If you expected this article to be on Marco Polo, the fashion brand, and its latest travel collection for women, apologies are in order. A day may come when we fail our readers and start promoting brands on Kalampedia, but in the words of Aragorn from The Lord of the Rings, “It is not this day.”
We are talking about Marco Polo, the Venetian merchant, explorer, and writer who travelled through Asia along the Silk Road between 1271 and 1295. His accounts, written down by a 13th-century writer called Rustichello da Pisa, have been published as a book titled The Travels of Marco Polo. In this book, we come across a number of cultural shocks that Marco Polo experienced during his travels in the east. One of them is regarding the kind of life women lived in different cultures.
Tibetan women puzzled him
Let’s start by saying that Marco Polo liked women. He called Kashmiri women ‘very beautiful’ and those on the Afghan border, ‘beautiful beyond measure’. In Tibet, however, he noticed a strange practice which he could not make sense of. Here, the old women would ply strangers with girls, because sexual experience was valued by future husbands. He says:
People travelling that way, when they reach a village or hamlet or other inhabited place, shall find perhaps 20 or 30 girls at their disposal. And if the travellers lodge with those people they shall have as many young women as they could wish coming to court them. The traveller is expected to give the girl who has been with him a ring or some other trifle, something in fact that she can show as a lover's token... for every girl is expected to obtain at least 20 such tokens before she can get married. And those who have the most tokens, and so can show they have been most run after, are in the high-esteem, and most sought in marriage.

It was very much the same in Sichuan, where men offered their wives, daughters or sisters.

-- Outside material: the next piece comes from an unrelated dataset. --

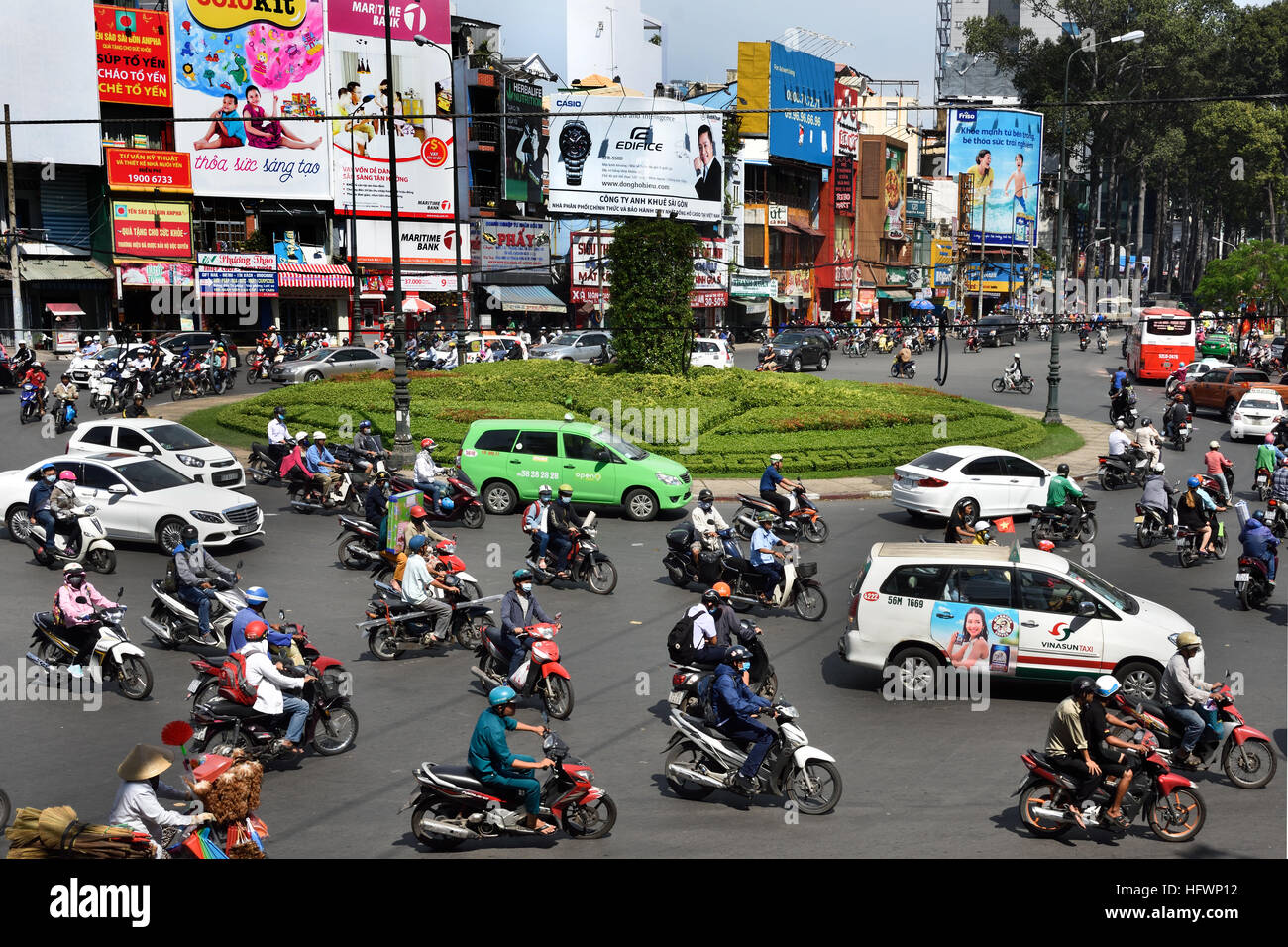 Rush Hour Pendler Auto taxis Motorroller Motorräder Pham Viet Chanh Straße - Nga Sau Cong Hoa Ho Chi Minh City (Saigon), Vietnam Stockfoto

The stranger abides in the catiff's house, be it three days or be it four, enjoying himself with the fellow's wife or daughter or sister, or whatsoever woman of the family best likes him; and as long as he abides there he leaves his hat or some other token hanging at the door, to let the master of the house know that he is still there.
Marco Polo talked about Hangzhou too, which he suggested was notorious for its prostitutes.
Courtesans thronged the streets in such a number that I dare not say what it is. They are found not only in the vicinity of the market places, but all over the city. They exhibit themselves splendidly attired and abundantly perfumed, in finely garnished houses, with trains of waiting women.
These women are extremely accomplished in all the arts of allurement, and readily adapt their conversations to all sorts of persons, insomuch that strangers who have once tasted their attractions seem to get bewitched, and are so taken with their blandishments and their fascinating ways that they can never get these out of their heads.
Upper-class Chinese women piqued his curiosity
As established, Marco was a lover of women, in whatever form. He had a deep interest, perhaps a personal one, in upper-class Chinese women. He warmed to them precisely because they were not like the Mongol and Tibetan girls or those plying their trade on the streets of Hangzhou.
He wished to break into this enclosed world of China, and somehow did, apparently learning a good deal about the private lives of Chinese girls. What he learnt there was no less shocking either.
Chinese girls were expected to be virgins at marriage, which was not true of Mongol girls. First, the future husband and father would agree on terms. Then there was a test of virginity, which involved a procedure that was both odd and unique. It was conducted by ‘certain matrons specially deputed for this duty who will first examine the girl’s virginity with a pigeon’s egg’. An egg having been procured, it was used to see whether entry was possible. If the egg broke, then the confirmation was made.
But… this is just a small part of Marco Polo’s travels. As he himself admitted, “I did not write half of what I saw, for I knew I would not be believed.” So, you can only imagine all that he actually saw and experienced.